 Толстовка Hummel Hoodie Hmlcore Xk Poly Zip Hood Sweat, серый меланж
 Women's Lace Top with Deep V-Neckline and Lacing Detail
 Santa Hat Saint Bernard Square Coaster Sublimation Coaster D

--

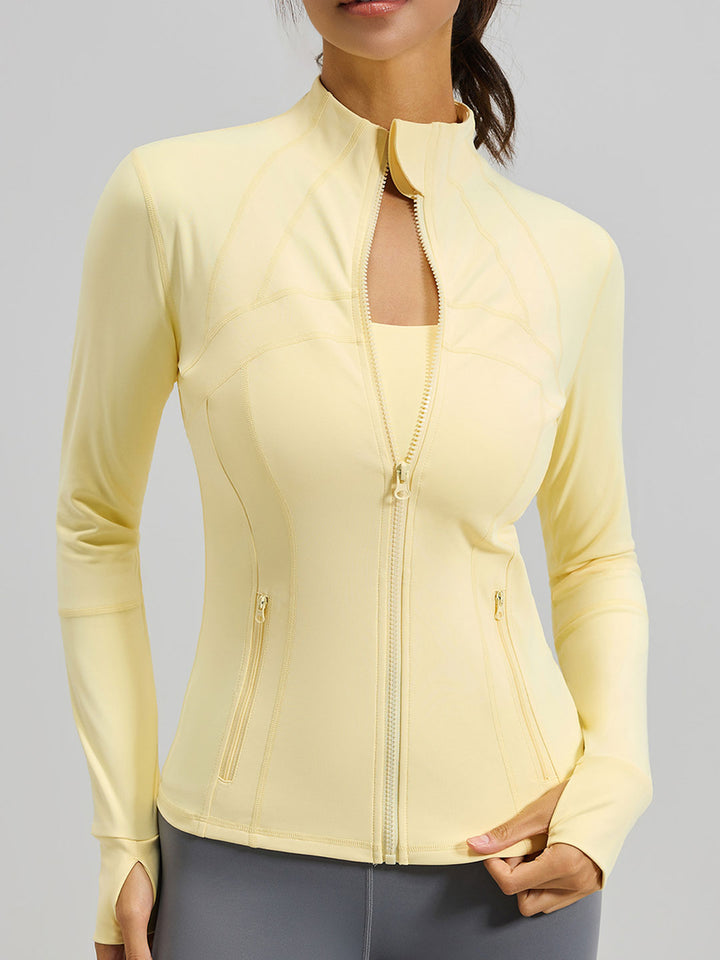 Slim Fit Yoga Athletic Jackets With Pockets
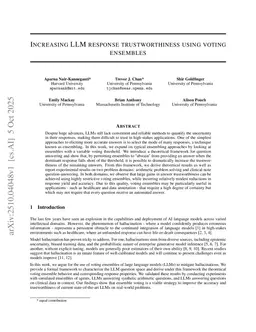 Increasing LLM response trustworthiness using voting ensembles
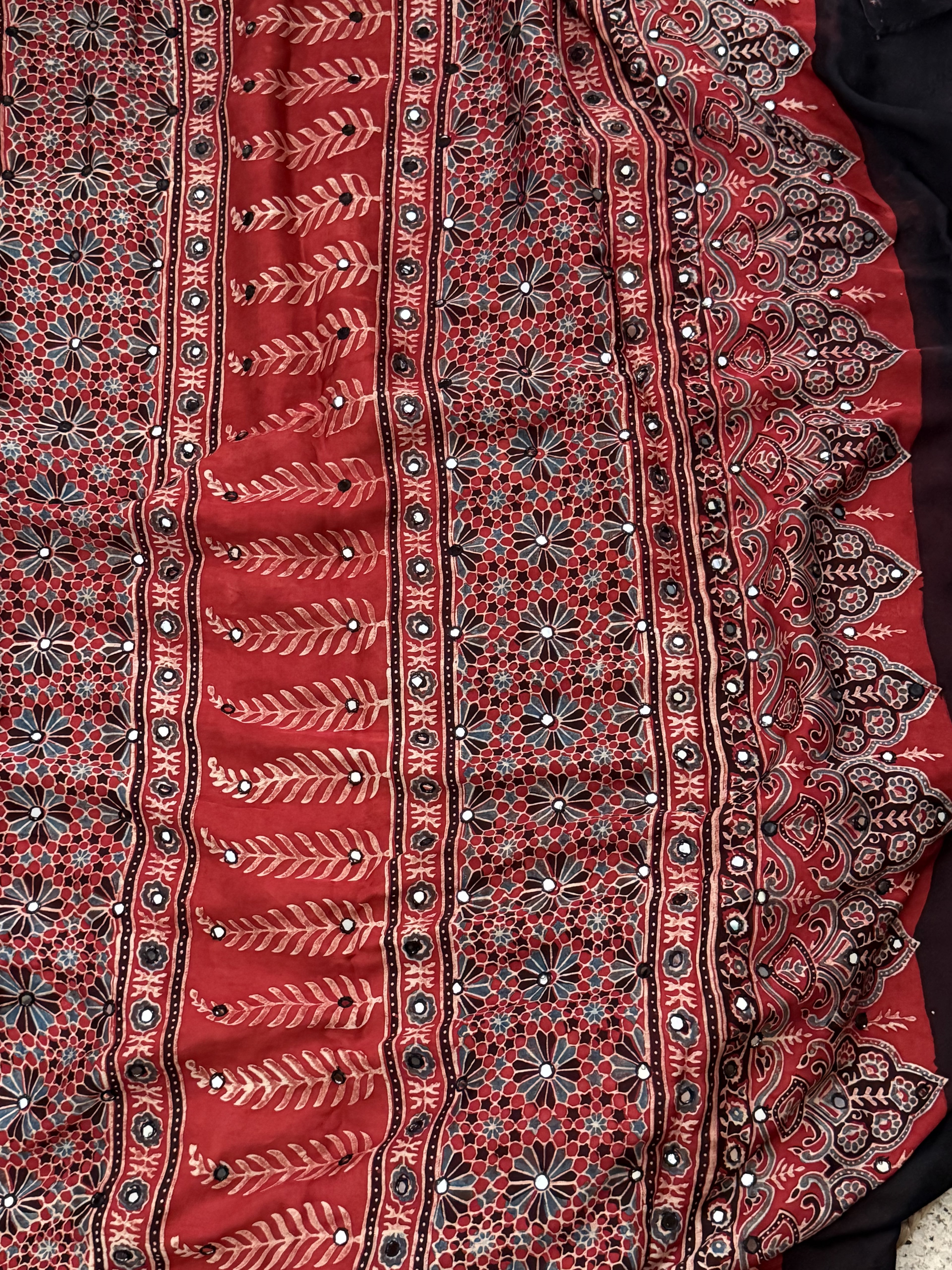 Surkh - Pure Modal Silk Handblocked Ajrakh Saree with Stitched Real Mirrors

==

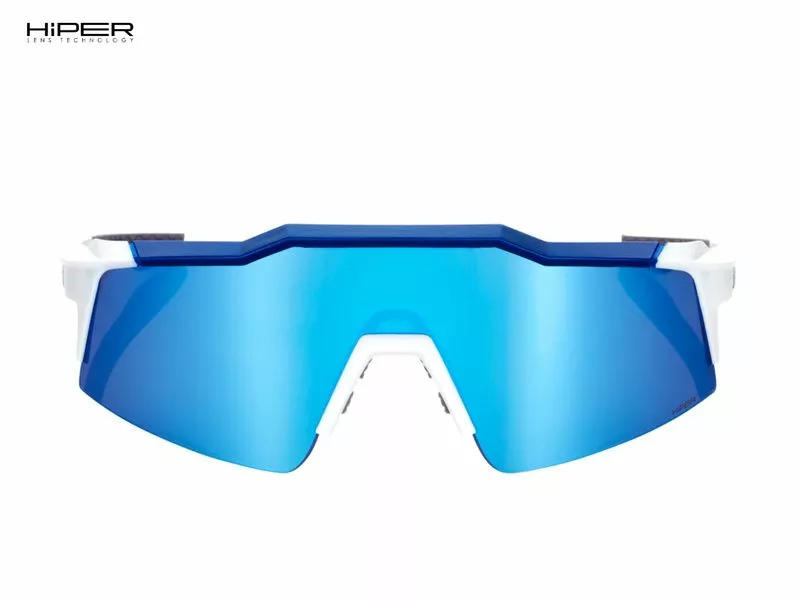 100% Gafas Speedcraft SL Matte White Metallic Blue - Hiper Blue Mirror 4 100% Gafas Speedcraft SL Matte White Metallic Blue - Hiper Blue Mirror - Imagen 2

**WHAT TO DO**
Using the records above, copy word for word the line with "Толстовка Hummel Hoodie", the line with "Santa Hat Saint", and every line between them.

**SOLUTION TO THE PROBLEM**
 Толстовка Hummel Hoodie Hmlcore Xk Poly Zip Hood Sweat, серый меланж
 Women's Lace Top with Deep V-Neckline and Lacing Detail
 Santa Hat Saint Bernard Square Coaster Sublimation Coaster D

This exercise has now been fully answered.